City Theatre's Charles Ives Take Me Home | Theater | Pittsburgh | Pittsburgh City Paper

City Theatre's Charles Ives Take Me Home

The actors go a long way toward breathing some life into this somewhat removed and polite play.

Drew McVety and Tressa Glover in Charles Ives Take Me Home, at City Theatre.
Drew McVety and Tressa Glover in Charles Ives Take Me Home, at City Theatre.

There are a lot of dead people in Jessica Dickey's Charles Ives Take Me Home, now getting its Pittsburgh premiere at City Theatre.

Violinist John Starr talks to us about his dead dad, who couldn't understand why his son liked music instead of sports. And Starr's daughter, Laura, struggles through memories of John — when we first meet her she's a grown-up and he's dead — and how he can't understand why she likes sports instead of music. As if to bridge the gap, American composer Charles Ives shows up — or rather, because he died in 1954, his ghost does — because: (a) John once took a class from him, and (b) Ives was an enthusiastic fan of both sports and music.

Playwright Dickey zips us back and forth in time and intent, and there's some high-falutin' talk about art, sports, connection and a couple of other things I can't remember right now.

But most of that's not important. At its core, Charles Ives Take Me Home is a "Daddy Why Don't You Love Me?" play. And, to tell you the truth, those are just the sort of plays I can take or leave; doesn't matter if they're by Arthur Miller, August Wilson, Frank Gilroy or Jessica Dickey.

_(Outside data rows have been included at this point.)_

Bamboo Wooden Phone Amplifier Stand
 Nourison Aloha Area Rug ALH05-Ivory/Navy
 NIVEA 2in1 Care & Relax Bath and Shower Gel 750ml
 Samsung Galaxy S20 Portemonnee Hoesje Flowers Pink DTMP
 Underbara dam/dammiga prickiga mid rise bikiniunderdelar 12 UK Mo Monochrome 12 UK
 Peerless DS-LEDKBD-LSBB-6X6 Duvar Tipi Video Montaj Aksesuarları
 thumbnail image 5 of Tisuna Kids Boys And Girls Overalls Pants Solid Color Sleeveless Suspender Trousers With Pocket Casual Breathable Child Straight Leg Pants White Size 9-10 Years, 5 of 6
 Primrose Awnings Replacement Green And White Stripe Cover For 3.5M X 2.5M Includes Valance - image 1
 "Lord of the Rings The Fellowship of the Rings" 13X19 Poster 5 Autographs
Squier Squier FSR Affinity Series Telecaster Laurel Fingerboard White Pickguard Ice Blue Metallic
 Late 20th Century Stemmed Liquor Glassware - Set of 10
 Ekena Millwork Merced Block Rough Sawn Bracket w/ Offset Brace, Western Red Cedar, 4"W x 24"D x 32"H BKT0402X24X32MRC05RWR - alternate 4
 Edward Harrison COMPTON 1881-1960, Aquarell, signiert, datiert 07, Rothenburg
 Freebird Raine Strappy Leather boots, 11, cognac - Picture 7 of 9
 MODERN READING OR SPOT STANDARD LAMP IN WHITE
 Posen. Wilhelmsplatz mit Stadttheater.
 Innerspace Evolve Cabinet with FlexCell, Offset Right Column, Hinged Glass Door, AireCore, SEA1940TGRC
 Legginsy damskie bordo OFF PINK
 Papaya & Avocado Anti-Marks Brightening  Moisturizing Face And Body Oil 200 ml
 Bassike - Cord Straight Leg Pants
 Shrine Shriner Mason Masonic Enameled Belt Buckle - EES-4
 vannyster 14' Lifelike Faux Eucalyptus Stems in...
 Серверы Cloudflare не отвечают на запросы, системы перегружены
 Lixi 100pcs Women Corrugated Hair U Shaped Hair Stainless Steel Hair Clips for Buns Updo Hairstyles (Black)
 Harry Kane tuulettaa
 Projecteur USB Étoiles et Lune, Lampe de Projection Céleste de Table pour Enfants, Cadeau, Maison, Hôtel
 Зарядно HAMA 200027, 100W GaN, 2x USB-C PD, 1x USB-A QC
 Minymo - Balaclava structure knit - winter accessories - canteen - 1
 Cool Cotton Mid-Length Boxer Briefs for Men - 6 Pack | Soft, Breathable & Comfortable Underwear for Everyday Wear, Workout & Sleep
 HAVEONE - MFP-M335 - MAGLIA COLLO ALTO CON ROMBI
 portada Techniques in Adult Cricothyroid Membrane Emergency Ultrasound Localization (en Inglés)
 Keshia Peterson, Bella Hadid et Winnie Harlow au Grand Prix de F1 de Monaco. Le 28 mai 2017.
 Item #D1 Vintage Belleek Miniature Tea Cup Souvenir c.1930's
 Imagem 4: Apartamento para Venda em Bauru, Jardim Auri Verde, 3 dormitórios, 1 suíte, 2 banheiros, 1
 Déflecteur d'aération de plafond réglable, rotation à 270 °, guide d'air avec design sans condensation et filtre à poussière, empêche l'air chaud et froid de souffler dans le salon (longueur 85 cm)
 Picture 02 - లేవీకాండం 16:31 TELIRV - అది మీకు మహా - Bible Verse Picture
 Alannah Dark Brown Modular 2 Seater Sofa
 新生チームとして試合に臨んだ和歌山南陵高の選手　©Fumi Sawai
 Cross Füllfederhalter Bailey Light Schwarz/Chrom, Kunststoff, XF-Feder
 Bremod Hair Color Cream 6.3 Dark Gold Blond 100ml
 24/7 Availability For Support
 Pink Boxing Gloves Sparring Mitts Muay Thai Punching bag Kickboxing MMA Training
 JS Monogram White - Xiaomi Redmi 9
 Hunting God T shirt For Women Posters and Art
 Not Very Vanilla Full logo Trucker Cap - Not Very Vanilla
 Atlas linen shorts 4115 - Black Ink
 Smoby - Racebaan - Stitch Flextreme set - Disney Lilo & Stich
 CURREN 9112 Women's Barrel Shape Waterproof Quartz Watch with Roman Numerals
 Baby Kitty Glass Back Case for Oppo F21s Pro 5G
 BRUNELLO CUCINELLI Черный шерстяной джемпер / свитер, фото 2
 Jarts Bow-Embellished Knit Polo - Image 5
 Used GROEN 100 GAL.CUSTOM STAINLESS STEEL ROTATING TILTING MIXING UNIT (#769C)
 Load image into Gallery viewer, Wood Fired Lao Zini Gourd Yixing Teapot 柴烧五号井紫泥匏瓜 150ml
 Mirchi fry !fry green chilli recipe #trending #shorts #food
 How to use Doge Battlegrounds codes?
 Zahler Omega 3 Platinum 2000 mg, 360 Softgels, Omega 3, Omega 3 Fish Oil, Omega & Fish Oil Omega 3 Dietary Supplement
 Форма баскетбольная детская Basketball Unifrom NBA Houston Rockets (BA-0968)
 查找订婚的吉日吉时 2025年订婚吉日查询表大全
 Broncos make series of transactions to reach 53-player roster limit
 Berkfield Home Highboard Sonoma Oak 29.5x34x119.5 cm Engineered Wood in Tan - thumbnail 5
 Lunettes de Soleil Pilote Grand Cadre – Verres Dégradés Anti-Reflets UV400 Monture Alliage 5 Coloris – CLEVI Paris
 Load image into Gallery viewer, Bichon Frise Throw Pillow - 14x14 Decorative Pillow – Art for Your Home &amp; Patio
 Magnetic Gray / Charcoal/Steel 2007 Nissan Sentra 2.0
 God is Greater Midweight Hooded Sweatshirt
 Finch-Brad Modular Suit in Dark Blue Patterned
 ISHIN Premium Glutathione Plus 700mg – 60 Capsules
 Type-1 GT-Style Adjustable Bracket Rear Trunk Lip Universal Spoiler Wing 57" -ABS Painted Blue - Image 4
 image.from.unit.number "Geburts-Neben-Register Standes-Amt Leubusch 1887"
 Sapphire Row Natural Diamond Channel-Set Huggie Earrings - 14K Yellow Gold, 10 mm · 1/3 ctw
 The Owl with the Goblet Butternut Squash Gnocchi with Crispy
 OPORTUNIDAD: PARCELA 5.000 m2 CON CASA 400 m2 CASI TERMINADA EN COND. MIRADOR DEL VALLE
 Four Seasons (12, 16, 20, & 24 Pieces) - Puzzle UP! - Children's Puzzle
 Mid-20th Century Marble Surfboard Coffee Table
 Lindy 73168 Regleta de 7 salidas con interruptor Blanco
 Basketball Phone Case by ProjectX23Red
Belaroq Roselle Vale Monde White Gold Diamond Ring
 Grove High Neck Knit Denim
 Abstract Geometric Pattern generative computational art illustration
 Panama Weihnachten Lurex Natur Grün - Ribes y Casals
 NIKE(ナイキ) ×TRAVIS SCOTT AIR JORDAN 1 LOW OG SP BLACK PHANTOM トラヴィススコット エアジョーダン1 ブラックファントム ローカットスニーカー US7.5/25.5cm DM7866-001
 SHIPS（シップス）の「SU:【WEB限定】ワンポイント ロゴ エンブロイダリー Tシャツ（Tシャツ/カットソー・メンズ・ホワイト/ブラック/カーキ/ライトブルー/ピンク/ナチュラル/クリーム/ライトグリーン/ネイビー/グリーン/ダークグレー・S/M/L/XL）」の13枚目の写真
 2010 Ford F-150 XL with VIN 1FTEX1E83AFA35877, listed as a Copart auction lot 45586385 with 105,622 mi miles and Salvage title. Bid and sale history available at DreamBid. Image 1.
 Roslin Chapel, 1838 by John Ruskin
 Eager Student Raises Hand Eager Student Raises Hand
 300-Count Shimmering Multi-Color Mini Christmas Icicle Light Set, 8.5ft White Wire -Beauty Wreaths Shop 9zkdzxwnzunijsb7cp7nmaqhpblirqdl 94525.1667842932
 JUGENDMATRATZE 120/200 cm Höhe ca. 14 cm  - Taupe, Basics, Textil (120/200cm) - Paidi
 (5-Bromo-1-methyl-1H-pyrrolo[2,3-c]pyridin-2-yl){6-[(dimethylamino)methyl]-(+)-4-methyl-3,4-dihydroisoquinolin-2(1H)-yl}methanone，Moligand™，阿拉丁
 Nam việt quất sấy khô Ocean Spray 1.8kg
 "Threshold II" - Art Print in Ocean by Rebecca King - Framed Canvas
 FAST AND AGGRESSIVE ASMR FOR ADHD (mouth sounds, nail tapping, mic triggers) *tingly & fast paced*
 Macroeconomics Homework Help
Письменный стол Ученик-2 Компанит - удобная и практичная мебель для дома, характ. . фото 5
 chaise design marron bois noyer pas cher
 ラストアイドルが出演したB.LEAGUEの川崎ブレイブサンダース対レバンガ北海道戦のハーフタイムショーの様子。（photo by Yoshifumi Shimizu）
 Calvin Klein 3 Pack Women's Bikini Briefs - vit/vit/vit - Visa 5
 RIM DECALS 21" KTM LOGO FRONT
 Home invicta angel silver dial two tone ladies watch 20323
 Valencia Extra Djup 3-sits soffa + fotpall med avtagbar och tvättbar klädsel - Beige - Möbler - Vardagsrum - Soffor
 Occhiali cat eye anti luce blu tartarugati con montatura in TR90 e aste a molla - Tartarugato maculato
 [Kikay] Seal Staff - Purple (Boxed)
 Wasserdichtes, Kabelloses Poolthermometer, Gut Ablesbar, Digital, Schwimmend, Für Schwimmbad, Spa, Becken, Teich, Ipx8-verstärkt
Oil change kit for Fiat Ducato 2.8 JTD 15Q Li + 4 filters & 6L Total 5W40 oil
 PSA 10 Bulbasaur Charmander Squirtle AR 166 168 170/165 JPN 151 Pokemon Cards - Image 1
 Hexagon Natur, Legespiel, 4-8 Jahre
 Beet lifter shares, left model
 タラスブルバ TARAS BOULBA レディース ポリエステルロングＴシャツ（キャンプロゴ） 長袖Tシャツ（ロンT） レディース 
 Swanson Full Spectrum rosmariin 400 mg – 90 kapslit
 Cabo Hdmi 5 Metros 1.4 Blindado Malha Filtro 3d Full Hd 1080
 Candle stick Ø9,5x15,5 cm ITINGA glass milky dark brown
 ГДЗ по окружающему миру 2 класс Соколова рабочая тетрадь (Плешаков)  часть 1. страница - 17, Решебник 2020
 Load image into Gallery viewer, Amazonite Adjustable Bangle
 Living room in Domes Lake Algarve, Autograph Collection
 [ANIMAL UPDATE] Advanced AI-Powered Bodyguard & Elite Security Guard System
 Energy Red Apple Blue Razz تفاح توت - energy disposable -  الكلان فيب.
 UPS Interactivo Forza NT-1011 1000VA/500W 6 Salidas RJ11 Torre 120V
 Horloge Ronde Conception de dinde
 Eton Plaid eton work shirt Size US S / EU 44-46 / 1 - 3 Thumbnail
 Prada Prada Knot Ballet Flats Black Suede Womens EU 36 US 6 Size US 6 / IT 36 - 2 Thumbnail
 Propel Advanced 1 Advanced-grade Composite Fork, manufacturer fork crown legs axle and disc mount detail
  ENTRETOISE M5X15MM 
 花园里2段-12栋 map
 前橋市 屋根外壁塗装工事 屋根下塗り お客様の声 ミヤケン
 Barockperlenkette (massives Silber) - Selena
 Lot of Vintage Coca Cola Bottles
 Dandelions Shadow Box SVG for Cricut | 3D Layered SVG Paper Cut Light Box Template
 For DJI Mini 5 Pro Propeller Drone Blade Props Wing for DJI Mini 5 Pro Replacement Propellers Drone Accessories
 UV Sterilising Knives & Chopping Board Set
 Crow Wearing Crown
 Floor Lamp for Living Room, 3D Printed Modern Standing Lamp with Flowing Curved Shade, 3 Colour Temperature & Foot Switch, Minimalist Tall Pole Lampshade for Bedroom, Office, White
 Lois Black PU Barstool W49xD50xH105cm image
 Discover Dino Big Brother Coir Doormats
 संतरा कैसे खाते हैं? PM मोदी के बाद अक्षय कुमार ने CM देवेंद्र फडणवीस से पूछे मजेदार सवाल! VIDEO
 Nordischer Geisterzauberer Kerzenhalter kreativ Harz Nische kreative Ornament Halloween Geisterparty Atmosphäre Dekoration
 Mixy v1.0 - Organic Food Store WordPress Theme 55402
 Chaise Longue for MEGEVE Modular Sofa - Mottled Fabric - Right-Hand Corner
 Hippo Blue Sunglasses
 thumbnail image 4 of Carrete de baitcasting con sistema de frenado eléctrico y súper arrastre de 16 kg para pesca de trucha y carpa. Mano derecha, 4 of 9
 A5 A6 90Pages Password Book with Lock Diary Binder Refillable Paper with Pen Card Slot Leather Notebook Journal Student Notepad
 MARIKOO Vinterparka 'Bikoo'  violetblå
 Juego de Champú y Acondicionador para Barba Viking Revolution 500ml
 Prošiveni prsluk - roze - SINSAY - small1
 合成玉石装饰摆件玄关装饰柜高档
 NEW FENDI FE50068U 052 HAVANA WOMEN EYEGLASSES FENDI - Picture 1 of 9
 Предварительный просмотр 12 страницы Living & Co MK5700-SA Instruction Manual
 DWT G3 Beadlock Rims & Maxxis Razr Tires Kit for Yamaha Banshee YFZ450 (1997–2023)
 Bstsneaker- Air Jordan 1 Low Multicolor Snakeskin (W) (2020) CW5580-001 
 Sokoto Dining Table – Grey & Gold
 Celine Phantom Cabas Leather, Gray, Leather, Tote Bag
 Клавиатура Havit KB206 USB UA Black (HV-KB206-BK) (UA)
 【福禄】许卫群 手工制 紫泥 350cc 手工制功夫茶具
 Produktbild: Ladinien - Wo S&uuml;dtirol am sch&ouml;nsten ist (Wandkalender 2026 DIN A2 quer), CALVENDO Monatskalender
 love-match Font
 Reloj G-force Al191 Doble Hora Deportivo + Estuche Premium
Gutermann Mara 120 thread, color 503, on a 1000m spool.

But the audience with whom I saw the play probably felt differently. Certainly the performances by Drew McVety, Tressa Glover and James FitzGerald go a long way toward breathing some life into this somewhat removed and polite play. Glover is a consistently fascinating actress to watch, and here turns in a frightfully intelligent performance.

Besides giving vent to his character's bruised and bruising love for his daughter, McVety also plays a very mean violin. The role of Ives seems to me to be unplayable — in tone and in texture, he's in another play and feels superfluous to Dickey's Daddy/Daughter drama — but FitzGerald gives him heft and humor.

Matt M. Morrow directs with an appropriately light touch, giving the words and the actors the room they need to achieve what impact they can. There's a treacly ending of easy sentimentality that even Morrow has trouble navigating, but until then he well serves this little curio of a play.